Once you reach the line containing "Used 2020 Kia Soul EX FWD image 3" in the entries below, write out that line and each one after it down to the line containing "VERONICA BEARD Emersyn", exactly and with nothing added.
____ Study material
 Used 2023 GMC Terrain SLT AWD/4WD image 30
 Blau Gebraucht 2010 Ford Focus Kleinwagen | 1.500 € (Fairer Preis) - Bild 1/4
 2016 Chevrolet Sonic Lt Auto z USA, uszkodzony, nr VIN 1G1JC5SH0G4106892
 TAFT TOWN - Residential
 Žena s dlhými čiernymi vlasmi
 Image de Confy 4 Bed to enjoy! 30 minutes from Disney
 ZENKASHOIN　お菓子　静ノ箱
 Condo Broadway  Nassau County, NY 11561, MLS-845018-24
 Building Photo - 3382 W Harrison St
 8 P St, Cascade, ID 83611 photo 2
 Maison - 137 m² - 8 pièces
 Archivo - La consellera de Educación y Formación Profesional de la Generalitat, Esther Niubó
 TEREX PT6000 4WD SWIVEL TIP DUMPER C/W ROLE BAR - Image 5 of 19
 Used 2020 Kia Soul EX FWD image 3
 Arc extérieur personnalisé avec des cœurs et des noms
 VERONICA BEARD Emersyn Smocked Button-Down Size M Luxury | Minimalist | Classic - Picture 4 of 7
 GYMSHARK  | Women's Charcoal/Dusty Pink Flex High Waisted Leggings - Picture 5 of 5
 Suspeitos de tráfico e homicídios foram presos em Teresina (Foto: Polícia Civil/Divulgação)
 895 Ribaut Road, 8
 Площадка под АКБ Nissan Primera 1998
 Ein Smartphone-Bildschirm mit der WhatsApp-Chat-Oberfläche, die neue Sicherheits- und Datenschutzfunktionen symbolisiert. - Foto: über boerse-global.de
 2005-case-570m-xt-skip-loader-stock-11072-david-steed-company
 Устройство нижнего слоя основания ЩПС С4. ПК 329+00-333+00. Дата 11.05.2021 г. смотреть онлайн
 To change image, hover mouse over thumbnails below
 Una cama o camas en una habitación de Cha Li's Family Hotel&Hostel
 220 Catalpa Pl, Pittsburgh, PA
________
## Answer area
 Used 2020 Kia Soul EX FWD image 3
 Arc extérieur personnalisé avec des cœurs et des noms
 VERONICA BEARD Emersyn Smocked Button-Down Size M Luxury | Minimalist | Classic - Picture 4 of 7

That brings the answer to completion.